How do you collaborate with stakeholders?
I collaborate by making sure I understand what each stakeholder needs from the data and how it will be used. I communicate clearly, ask good questions, and translate technical findings into practical language. I also keep people updated as work progresses so expectations stay aligned. Good collaboration, in my experience, comes from being responsive and grounded in the real workflow.
Can you share an example of process improvement or automation?
I have been involved in making workflows more efficient by reducing manual steps and improving tracking. In high-volume healthcare operations, even small improvements can make a big difference in speed and accuracy. I like identifying repeat pain points and building a better way to handle them. Those kinds of improvements help teams work more consistently and spend less time on avoidable rework.
How do you stay updated on best practices?
I stay updated by following changes in healthcare operations, compliance, and data practices, and by paying attention to how those changes affect day-to-day work. I also learn from the issues that come up in real workflows, because they often show where a process needs to evolve. When I come across a new rule or standard, I make sure I understand how it applies in practice. I think staying current is part of being dependable in this field.
What experience do you have with visualization and presenting findings?

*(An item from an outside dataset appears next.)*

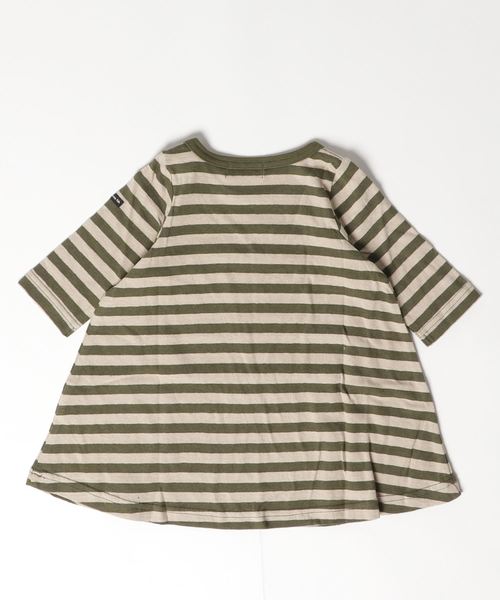quoti use fith(クゥオティ ユース フィス)の「ボーダー 長袖 ひざ丈ワンピース(ワンピース・キッズ・ベージュ/カーキ/レッド/ネイビー/グレー/ブラック・80/90/100/110/120/130)」の7枚目の写真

I have experience turning complex data into clear reports and dashboards that teams can actually use, especially around operational KPIs, patient access metrics, and workflow performance. When I present findings, I focus on the main takeaway first and explain what the data means in practical terms. I avoid unnecessary jargon and make sure the audience understands the impact, not just the numbers. The goal is always to help people make better decisions.
What is the key to reliable insights?
The key is combining clean data, clear definitions, and a strong understanding of the workflow behind the numbers. If you do not understand how the data was created, it is easy to miss important context. Reliable insights come from careful validation, thoughtful analysis, and making sure the result is actually useful to the people who need it. To me, the best analysis is accurate, practical, and tied to real operational impact.